EXTRACTED RECORDS Start Marker

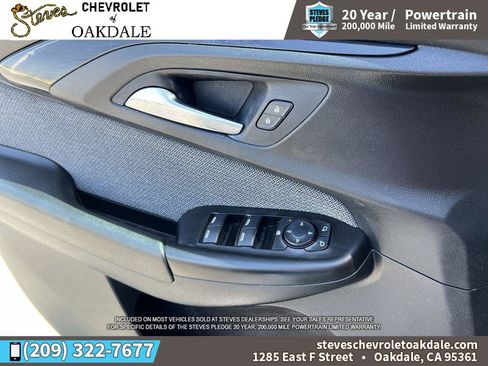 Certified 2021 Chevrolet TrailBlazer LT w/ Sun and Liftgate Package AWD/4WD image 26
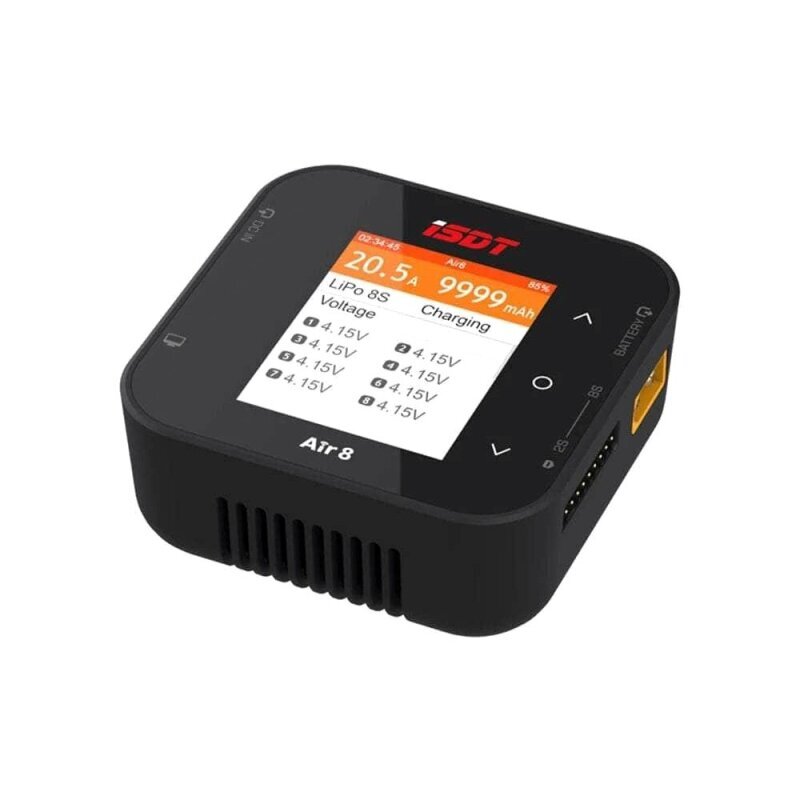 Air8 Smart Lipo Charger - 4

EXTRACTED RECORDS End Marker
EXTRACTED RECORDS Start Marker

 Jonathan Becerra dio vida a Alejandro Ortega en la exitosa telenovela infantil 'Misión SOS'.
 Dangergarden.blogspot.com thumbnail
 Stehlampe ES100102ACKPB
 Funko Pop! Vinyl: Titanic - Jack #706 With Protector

EXTRACTED RECORDS End Marker
EXTRACTED RECORDS Start Marker

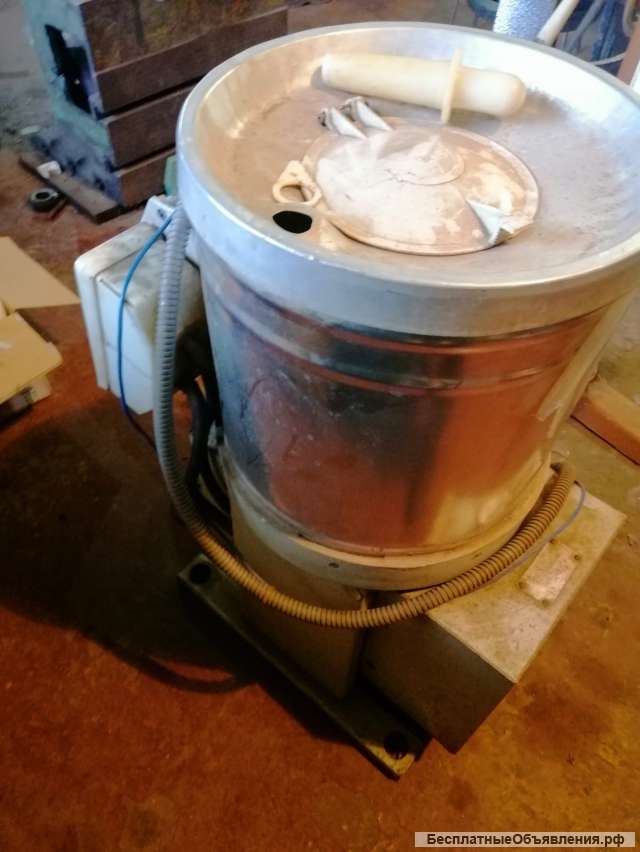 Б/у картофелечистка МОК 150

EXTRACTED RECORDS End Marker

When you reach the line in the material above that holds "Stehlampe ES100102ACKPB", begin reproducing lines exactly, and stop after the line that holds "Funko Pop! Vinyl: Titanic".

> RESULT OF THE EXERCISE
 Stehlampe ES100102ACKPB
 Funko Pop! Vinyl: Titanic - Jack #706 With Protector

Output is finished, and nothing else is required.